Inspiration

Seeing my grandmother struggle with Parkinson’s while using a TV remote, and watching my father’s hands cramp from hours at his computer, made us notice a growing problem. As we spend more time using our hands in an increasingly digital world, motor disability statistics are only rising. According to a study released by The Lancet Neurology, in 2021, more than 3 billion people worldwide were living with a neurological condition, many affecting movement and motor function, a staggering number that highlights just how urgent it is to make technology more accessible. We built iClick to make digital devices accessible to everyone, creating a touchless navigation system that meets the needs of a world that’s becoming ever more digital.

What it does

iClick is an app that allows users to control their computer cursor entirely with their eyes. The cursor follows wherever the user looks, and they can set customizable shortcuts for common actions, such as blinking twice to perform a click. The system also includes speech-to-text functionality, enabling users to type and interact with their devices without using their hands at all. By combining eye pupil tracking, intuitive gestures and voice input, iClick provides a completely hands-free way to navigate digital devices, making technology more accessible for people with motor impairments.

How we built it

Cursor Tracking

We built an eye-tracking pipeline using OpenCV and MediaPipe’s Face Mesh model. MediaPipe provided facial and iris landmarks in real time, allowing us to extract geometric features from both eyes.

We then normalized features to improve stability and robustness. These included iris-to-eye-corner ratios (to measure horizontal and vertical gaze direction), eye width and height (for scale normalization), and normalized eye center positions (to compensate for head movement). By using ratios instead of absolute pixel values, we reduced sensitivity to camera distance and face positioning.

We implemented a full-screen calibration process where users followed a moving dot across a structured grid. For each calibration point, we collected multiple stabilized samples. This produced a labeled dataset mapping eye features to true screen coordinates.

We then trained machine learning regression models for cursor prediction using Gradient Boosting Regressors.

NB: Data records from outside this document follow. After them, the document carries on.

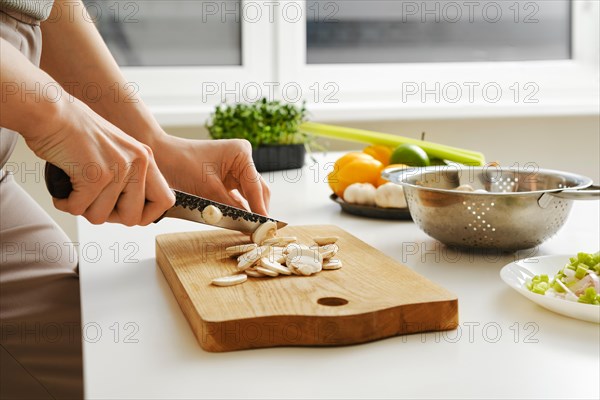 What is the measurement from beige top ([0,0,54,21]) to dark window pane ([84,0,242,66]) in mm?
1475

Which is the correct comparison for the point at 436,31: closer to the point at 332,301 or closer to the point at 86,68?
the point at 86,68

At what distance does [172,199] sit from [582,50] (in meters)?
2.32

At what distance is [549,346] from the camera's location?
2.27 feet

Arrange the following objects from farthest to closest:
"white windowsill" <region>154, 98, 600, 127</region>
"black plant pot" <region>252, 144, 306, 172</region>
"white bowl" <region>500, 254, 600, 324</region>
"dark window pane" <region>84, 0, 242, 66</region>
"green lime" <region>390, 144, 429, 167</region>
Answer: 1. "dark window pane" <region>84, 0, 242, 66</region>
2. "white windowsill" <region>154, 98, 600, 127</region>
3. "black plant pot" <region>252, 144, 306, 172</region>
4. "green lime" <region>390, 144, 429, 167</region>
5. "white bowl" <region>500, 254, 600, 324</region>

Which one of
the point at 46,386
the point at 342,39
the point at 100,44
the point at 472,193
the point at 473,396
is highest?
the point at 342,39

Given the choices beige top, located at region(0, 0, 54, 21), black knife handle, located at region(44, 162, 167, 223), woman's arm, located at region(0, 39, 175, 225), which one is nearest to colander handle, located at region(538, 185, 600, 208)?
woman's arm, located at region(0, 39, 175, 225)

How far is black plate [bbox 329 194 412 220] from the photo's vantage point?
1275 millimetres

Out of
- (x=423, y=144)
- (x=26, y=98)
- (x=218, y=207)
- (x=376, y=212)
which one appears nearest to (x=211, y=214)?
(x=218, y=207)

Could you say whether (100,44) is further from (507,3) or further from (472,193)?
(507,3)

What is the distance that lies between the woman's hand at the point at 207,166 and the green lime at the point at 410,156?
0.39 m

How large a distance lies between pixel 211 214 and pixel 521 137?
75.5 inches

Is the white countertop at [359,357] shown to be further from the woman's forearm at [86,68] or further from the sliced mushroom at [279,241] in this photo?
the woman's forearm at [86,68]

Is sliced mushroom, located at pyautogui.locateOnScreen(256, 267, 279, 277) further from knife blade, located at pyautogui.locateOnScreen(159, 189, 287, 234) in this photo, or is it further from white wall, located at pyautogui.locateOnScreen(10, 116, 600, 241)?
A: white wall, located at pyautogui.locateOnScreen(10, 116, 600, 241)

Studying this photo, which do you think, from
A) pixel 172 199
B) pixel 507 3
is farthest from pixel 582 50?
pixel 172 199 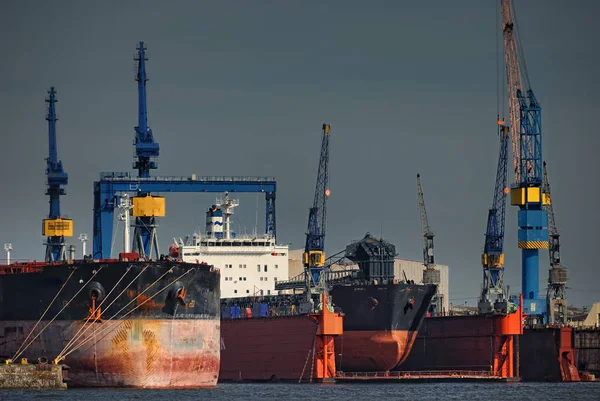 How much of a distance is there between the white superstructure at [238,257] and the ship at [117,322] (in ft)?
95.6

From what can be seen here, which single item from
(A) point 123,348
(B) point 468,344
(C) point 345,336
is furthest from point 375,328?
(A) point 123,348

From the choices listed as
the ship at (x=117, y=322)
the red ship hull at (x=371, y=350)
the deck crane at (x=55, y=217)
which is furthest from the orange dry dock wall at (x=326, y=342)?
the deck crane at (x=55, y=217)

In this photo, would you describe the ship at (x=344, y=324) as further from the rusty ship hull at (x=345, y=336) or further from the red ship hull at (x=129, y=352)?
the red ship hull at (x=129, y=352)

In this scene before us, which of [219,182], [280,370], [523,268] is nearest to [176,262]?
[280,370]

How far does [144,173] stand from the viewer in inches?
3723

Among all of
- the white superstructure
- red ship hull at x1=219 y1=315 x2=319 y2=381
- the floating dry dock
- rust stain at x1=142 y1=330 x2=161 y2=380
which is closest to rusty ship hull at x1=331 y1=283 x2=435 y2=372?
red ship hull at x1=219 y1=315 x2=319 y2=381

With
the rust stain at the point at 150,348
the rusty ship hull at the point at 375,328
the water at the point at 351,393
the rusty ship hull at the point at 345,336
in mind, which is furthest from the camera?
the rusty ship hull at the point at 375,328

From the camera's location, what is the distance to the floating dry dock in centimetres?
6706

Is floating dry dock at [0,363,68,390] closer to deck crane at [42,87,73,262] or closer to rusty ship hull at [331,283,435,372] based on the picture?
rusty ship hull at [331,283,435,372]

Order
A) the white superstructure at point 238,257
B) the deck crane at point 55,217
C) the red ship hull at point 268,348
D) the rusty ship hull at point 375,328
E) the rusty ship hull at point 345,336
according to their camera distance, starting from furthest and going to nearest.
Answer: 1. the deck crane at point 55,217
2. the white superstructure at point 238,257
3. the rusty ship hull at point 375,328
4. the rusty ship hull at point 345,336
5. the red ship hull at point 268,348

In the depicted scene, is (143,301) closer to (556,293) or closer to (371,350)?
(371,350)

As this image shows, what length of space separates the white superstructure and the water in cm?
1776

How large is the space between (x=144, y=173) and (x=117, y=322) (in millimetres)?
26775

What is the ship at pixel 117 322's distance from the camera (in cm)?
6875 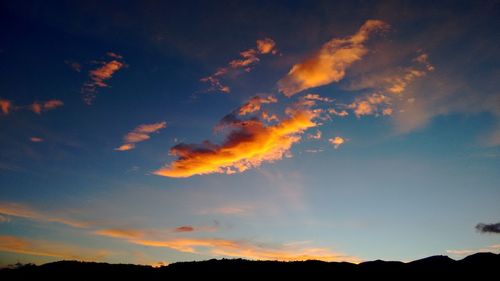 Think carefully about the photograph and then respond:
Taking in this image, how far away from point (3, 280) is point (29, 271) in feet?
16.3

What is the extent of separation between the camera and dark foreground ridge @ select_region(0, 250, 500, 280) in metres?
49.2

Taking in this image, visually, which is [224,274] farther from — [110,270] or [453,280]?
[453,280]

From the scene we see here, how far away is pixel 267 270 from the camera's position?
171 feet

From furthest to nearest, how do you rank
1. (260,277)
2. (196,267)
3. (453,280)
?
(196,267), (260,277), (453,280)

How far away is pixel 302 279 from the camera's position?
160 feet

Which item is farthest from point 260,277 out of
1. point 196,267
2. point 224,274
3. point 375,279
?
point 375,279

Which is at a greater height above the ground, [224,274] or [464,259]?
[464,259]

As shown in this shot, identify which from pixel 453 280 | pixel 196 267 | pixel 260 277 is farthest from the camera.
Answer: pixel 196 267

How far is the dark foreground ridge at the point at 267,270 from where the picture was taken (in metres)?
49.2

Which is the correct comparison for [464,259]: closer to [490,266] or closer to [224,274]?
[490,266]

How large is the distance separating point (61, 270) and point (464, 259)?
6039 cm

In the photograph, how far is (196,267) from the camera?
2159 inches

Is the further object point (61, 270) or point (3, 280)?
point (61, 270)

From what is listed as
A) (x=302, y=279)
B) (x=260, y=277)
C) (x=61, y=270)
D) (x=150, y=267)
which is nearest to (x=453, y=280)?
(x=302, y=279) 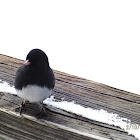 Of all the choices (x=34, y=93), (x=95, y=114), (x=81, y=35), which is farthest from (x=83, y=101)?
(x=81, y=35)

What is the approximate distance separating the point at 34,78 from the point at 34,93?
79 millimetres

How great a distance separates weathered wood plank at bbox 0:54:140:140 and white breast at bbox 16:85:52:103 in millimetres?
72

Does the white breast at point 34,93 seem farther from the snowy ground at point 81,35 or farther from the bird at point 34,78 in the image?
the snowy ground at point 81,35

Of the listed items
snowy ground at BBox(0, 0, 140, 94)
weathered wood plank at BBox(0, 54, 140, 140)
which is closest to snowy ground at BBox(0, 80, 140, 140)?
weathered wood plank at BBox(0, 54, 140, 140)

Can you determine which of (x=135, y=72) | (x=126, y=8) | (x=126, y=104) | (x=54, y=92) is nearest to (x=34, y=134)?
(x=54, y=92)

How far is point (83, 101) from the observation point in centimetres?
169

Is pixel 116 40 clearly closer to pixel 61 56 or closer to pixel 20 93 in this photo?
pixel 61 56

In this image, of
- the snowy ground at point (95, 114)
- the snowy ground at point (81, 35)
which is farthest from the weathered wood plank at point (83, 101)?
the snowy ground at point (81, 35)

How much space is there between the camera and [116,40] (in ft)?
16.8

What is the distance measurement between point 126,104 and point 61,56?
2.82 m

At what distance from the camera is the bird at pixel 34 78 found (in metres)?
1.47

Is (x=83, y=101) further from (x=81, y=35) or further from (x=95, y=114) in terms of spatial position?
(x=81, y=35)

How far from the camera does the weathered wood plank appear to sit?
56.1 inches

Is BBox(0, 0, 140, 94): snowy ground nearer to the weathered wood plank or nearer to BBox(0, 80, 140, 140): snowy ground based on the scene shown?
the weathered wood plank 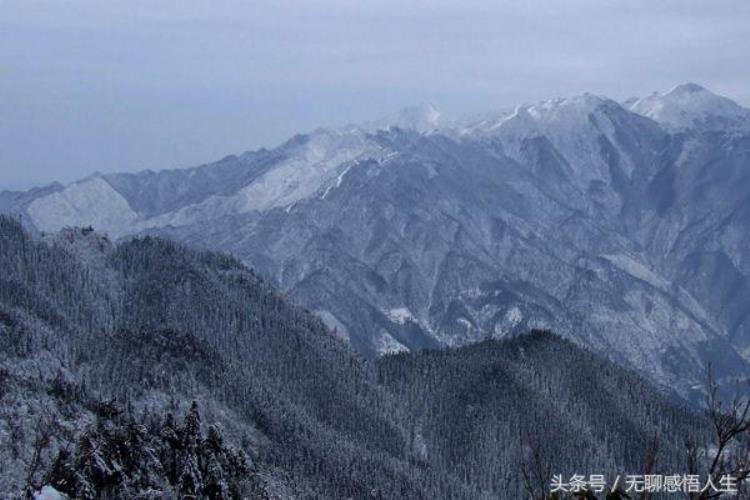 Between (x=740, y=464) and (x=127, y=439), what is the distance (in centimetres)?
11120

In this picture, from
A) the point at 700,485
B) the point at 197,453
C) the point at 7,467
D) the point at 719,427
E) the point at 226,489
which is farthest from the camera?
the point at 7,467

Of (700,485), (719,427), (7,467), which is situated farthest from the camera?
(7,467)

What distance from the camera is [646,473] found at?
31141 millimetres

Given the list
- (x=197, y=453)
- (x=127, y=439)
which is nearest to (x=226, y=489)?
(x=197, y=453)

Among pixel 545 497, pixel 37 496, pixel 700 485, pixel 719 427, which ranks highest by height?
pixel 719 427

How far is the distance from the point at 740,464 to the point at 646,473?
9.80 ft

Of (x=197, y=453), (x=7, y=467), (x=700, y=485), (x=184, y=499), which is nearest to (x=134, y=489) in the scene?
(x=197, y=453)

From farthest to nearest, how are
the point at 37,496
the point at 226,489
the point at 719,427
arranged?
the point at 226,489, the point at 37,496, the point at 719,427

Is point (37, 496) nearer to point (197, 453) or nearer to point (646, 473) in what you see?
point (646, 473)

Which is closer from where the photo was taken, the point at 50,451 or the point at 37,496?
the point at 37,496

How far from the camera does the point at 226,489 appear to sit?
115250mm

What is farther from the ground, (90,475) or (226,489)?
(90,475)

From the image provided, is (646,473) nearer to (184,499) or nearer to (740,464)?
(740,464)

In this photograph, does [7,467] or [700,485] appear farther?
[7,467] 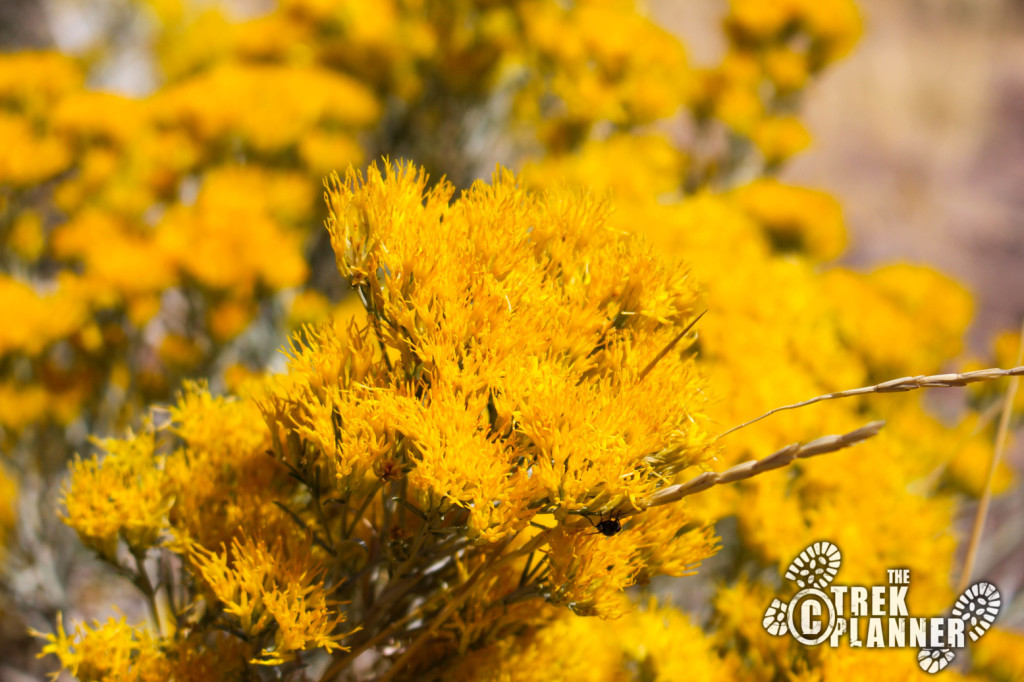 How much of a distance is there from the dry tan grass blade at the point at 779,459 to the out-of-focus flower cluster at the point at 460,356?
4 centimetres

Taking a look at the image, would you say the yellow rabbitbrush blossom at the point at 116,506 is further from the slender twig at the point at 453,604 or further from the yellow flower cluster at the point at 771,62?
the yellow flower cluster at the point at 771,62

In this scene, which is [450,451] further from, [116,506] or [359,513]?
[116,506]

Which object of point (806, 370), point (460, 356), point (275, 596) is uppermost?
point (806, 370)

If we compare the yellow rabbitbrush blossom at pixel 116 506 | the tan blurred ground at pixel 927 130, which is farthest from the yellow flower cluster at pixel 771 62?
the tan blurred ground at pixel 927 130

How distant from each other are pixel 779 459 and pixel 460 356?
38 centimetres

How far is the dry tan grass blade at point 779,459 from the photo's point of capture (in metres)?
0.61

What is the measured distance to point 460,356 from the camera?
0.83 meters

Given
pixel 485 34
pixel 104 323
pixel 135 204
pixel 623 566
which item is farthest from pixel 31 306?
pixel 485 34

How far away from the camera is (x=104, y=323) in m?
2.12

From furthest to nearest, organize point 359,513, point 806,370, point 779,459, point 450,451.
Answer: point 806,370 → point 359,513 → point 450,451 → point 779,459

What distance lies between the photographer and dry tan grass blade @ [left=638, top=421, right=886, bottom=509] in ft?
1.99

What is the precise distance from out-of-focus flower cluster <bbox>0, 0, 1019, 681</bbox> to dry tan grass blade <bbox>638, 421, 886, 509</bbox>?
0.12 ft

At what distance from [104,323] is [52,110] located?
37.6 inches

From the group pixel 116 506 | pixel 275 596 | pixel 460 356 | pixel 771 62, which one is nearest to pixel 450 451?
pixel 460 356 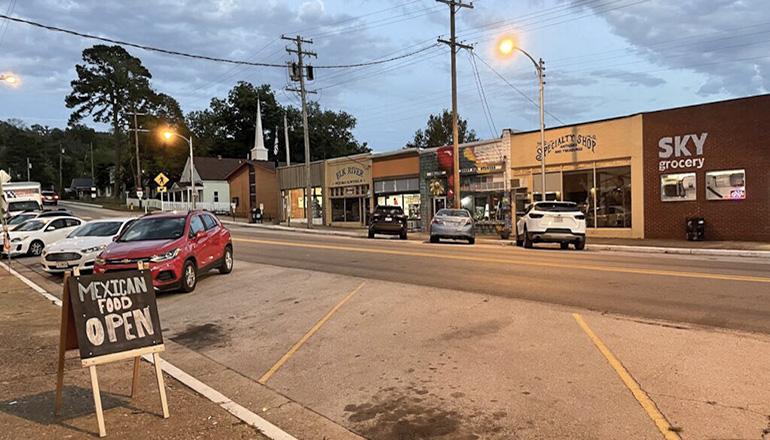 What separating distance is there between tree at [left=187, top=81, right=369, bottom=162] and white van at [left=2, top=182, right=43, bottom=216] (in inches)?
2035

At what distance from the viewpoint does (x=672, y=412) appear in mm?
4539

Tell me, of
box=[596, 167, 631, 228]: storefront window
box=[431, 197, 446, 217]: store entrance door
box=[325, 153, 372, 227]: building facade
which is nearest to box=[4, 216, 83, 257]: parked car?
box=[431, 197, 446, 217]: store entrance door

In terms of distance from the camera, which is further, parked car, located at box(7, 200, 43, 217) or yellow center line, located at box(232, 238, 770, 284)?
parked car, located at box(7, 200, 43, 217)

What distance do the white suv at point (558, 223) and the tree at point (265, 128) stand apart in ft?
238

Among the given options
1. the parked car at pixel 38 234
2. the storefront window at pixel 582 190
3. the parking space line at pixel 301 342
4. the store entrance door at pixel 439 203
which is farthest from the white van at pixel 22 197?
the parking space line at pixel 301 342

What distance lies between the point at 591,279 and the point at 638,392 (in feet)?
21.8

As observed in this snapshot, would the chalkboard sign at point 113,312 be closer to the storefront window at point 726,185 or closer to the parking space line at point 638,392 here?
the parking space line at point 638,392

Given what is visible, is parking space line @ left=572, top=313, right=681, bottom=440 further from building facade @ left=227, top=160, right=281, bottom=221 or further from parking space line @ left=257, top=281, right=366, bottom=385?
building facade @ left=227, top=160, right=281, bottom=221

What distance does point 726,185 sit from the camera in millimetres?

This allowed us to capture nonlinear relationships between subtle eye movements and screen position. Our trained models achieved an average error of under 10 pixels, enabling precise cursor control.

To ensure smooth and natural movement, we added an overlaying real-time smoothing system. We buffered and combined predictions using a weighted moving average, prioritizing recent frames while limiting sudden jumps. We also implemented a movement threshold to prevent micro-jitters when the user’s eyes are stationary.

Together, calibration, feature normalization, machine learning regression, and intelligent smoothing allowed us to build a responsive and stable eye-controlled cursor that feels natural and accurate in real time.

Gesture Mapping

We implemented eye and hand based gestures that allowed users to perform actions without the need of a trackpad, mouse or keyboard.

For eye based gestures, we implemented blink detection using the Eye Aspect Ratio (EAR), a geometric metric calculated from six eye landmarks. By monitoring changes in eyelid distance across consecutive frames, we were able to detect:

Single blinks
Double blinks (within a time window)
Blink-holds (eyes closed beyond a duration threshold)

To reduce false positives, we required consecutive frames below a calibrated EAR threshold and added cooldown timers between actions. This ensured reliability and prevented accidental clicks from natural blinking.

For hand gestures, we used MediaPipe Hands to extract 21 hand landmarks per frame. We then implemented rule-based geometric heuristics to detect:

Open palm
Peace sign
Wave gesture

Wave detection was implemented by tracking wrist X-coordinates over time and identifying oscillatory motion exceeding a minimum amplitude threshold.

To support personalization, we built a custom gesture recording system that allows users to define and map gestures to actions. Gesture mappings are stored in a configuration file, enabling dynamic reassignment without modifying core code.

All gestures are processed in real time and dispatched through a modular action system, which maps each gesture to system-level functions such as left click, right click, launching speech-to-text, or starting a voice agent assistant pipeline.

This modular architecture allows gestures to be easily reconfigured, extended, or replaced depending on the user’s physical abilities and preferences.

Digital Assistant

To enable fully hands-free interaction, we built a real-time voice control pipeline powered by streaming speech-to-text and a custom intent parser.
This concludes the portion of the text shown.